Without finality in judgment, Imelda can still run to the Supreme Court which has a bad record of exonerating the guilty. For instance, former senator Juan Ponce Enrile, convicted and jailed for “plunder” was freed on bail for “humanitarian reasons” and because the Sandiganbayan did a grave abuse of discretion jailing him without considering the: “fragile health and advance age” of Enrile who was then 91 only in 2015.


Now, the 94-year wily coyote is gunning for the Senate- all health fragility and old age infirmity and senility apparently erased by the “stem cell” surgery Enrile was supposed to have undergone? The party-list group Akbayan argues that with Enrile’s new-found “agility”- he should be sent back to prison.

Imelda can do the same  Enrile Escape Route and skip jail time as well for the same reason. 

Since the conviction is without finality -Imelda can still become Governor Imelda Marcos of Ilocos Norte by May next year instead of serving the first of her 77 years jail term inside the prison cell.

Does one now have a basis to have full faith in the Philippine justice system? Stay a minute.

The Sandiganbayan also recently ordered the temporary release of former senator Jinggoy Estrada from plunder charges since it cannot be proven that he was the principal beneficiary of the Napoles PDAF Scandal (but Janet only herself) and the same argument could be used in order to free another jailbird in former senator Bong Revilla.

From our passable appreciation of the law, in a “syndicated estafa” as it would seem in the Napoles PDAF Scam, the crime of one is a crime of all. So, why are the rest being freed except Napoles?

Wasn’t it a big joke at the time of the PDAF investigation in the Senate, that Napoles reportedly  replied when asked whether it is true that she owned 28 houses, that she answered: “Actually 30- I own two other houses- the Lower and the Upper Houses.” (Laughter).

It is not fair for two former presidents like Joseph Estrada who was in house arrest at Tanay until he was legally freed when pardoned by his successor Gloria Arroyo, who herself served her arrest (including hospital stays) until freed by the Supreme Court in this administration’s time.

This tired argument just does not hold water. That, since the Aquino Sandiganbayan was biased in just jailing three opposition senators while the others (non-oppositionists) were scot-free,  then the three convicted senators should, therefore, be”not guilty”.

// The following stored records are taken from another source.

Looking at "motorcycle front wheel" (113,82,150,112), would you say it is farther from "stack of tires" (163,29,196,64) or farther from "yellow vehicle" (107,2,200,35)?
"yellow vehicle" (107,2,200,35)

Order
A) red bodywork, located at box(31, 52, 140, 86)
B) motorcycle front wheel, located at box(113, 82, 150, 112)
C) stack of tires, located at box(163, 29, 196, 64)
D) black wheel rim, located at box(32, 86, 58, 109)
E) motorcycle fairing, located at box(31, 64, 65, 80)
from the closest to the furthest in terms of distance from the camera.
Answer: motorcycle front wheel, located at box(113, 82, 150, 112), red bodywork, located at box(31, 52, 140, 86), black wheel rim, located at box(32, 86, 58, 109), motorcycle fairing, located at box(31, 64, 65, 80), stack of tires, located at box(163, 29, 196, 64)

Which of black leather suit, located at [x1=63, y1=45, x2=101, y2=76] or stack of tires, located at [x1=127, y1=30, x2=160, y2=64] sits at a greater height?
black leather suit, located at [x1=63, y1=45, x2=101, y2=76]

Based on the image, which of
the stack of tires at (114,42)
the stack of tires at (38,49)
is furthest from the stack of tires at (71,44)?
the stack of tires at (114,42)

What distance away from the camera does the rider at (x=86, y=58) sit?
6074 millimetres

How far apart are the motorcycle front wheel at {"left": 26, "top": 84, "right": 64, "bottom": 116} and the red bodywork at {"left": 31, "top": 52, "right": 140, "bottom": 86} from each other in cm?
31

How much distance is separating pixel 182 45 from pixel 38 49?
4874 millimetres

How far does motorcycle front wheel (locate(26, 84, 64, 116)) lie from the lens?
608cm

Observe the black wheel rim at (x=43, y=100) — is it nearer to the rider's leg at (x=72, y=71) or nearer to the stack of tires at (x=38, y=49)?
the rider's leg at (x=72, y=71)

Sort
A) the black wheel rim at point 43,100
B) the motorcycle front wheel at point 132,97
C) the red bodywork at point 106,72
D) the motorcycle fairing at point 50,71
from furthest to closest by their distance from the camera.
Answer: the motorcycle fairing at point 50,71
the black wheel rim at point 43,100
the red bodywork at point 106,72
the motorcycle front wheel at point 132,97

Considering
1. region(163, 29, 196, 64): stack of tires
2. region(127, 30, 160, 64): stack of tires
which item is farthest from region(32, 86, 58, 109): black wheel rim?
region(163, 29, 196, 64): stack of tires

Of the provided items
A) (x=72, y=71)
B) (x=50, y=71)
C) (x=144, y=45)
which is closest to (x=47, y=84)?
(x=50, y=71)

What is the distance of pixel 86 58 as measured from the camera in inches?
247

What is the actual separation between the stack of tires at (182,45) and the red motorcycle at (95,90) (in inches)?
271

And the really funny thing is that all three: Enrile, Estrada, and Revilla are running again for the Senate, the very platform they are accused of using in executing their alleged acts of plunder.

What if two or all three of them get to be elected senators again in May- is there a law that erases their potential final conviction because they were reelected to the post they were deposed from?

In sum, what is the final answer to the question as to what the conviction of Imelda Marcos to 77 years in jail mean? It means nothing.

Nothing, until with finality, the guilty parties in this country -are permanently locked in jail to serve the just punishment for arrogating unto own’s personal selfish use those funds that clearly belong to an impoverished nation- especially those needing public service.

Postpone, breaking open the champagne, Gentlemen.